Page MenuHomePhabricator

wiki replicas: drop NAT exceptions
Closed, ResolvedPublic

Description

We currently have NAT exceptions for wiki replicas (dbproxy1018 & dbproxy1019) but I don't think we need them, because they now use an intermediate proxy in the form of a cloud VM with a floating IP.

If this is true, files to update:

  • hieradata/eqiad/profile/openstack/eqiad1/cloudgw.yaml
  • hieradata/codfw/profile/openstack/codfw1dev/cloudgw.yaml
  • homer

Event Timeline

According to the diagram on https://wikitech.wikimedia.org/wiki/Portal:Data_Services/Admin/Wiki_Replicas#Multi-instance_system_diagram I think this is true.

We need to confirm this by other technical means:

  • confirm that there are no open connections
  • confirm that nothing will break if we drop the ACLs

Confirmed there are no open connections.

The following command dumps the conntrack table on cloudgw with destination the wiki replica proxies.

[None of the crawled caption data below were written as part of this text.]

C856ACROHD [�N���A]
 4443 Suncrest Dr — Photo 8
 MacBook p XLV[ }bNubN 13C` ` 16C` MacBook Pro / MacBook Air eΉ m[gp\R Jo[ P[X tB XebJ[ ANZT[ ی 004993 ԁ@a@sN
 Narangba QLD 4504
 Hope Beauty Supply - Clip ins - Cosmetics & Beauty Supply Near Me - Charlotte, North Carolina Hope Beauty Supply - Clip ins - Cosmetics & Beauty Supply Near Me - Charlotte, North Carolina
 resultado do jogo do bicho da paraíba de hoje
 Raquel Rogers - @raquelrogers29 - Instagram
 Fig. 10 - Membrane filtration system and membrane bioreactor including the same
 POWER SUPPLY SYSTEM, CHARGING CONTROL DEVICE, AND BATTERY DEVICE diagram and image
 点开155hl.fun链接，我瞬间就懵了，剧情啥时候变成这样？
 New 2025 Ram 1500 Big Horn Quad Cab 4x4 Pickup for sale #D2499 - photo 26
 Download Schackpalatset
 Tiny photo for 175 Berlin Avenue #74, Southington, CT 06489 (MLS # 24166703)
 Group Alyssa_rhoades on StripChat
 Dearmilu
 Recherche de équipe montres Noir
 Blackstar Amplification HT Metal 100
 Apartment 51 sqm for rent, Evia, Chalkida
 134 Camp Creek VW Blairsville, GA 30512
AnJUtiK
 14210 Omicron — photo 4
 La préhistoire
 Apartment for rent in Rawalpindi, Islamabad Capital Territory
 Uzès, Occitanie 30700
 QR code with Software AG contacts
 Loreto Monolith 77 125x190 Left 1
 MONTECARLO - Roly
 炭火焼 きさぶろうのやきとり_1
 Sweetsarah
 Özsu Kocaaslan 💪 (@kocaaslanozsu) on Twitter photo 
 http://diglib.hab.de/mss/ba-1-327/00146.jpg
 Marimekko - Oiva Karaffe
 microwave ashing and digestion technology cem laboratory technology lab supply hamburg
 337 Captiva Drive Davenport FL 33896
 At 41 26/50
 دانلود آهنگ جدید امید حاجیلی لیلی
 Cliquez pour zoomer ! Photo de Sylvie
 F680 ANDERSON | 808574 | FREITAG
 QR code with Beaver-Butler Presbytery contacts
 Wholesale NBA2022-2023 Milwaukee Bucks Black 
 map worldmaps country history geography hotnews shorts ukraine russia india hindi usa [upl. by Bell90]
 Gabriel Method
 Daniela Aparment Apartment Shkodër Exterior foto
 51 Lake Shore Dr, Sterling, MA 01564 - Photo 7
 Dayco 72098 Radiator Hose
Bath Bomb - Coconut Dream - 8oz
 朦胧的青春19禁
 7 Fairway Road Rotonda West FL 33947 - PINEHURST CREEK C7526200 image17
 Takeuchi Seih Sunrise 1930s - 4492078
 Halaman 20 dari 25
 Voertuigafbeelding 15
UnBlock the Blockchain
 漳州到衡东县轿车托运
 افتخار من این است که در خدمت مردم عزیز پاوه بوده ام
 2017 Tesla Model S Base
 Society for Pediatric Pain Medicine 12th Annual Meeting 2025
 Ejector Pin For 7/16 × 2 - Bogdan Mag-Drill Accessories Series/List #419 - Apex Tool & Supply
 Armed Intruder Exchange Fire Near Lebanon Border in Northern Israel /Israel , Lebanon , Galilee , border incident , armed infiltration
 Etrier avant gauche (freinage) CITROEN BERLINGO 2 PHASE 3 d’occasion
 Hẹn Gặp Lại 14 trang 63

Looks for established connection (assured) and then filters for 172.16. There are no results, meaning no connections are established from 172.16.x.x to the wiki replica proxies.

aborrero@cloudgw1001:~ $ sudo conntrack -L --dst 208.80.154.243 | grep ASSURED | grep 172.16
conntrack v1.4.5 (conntrack-tools): 2046 flow entries have been shown.
aborrero@cloudgw1001:~ 1 $ sudo conntrack -L --dst 208.80.154.242 | grep ASSURED | grep 172.16
conntrack v1.4.5 (conntrack-tools): 1089 flow entries have been shown.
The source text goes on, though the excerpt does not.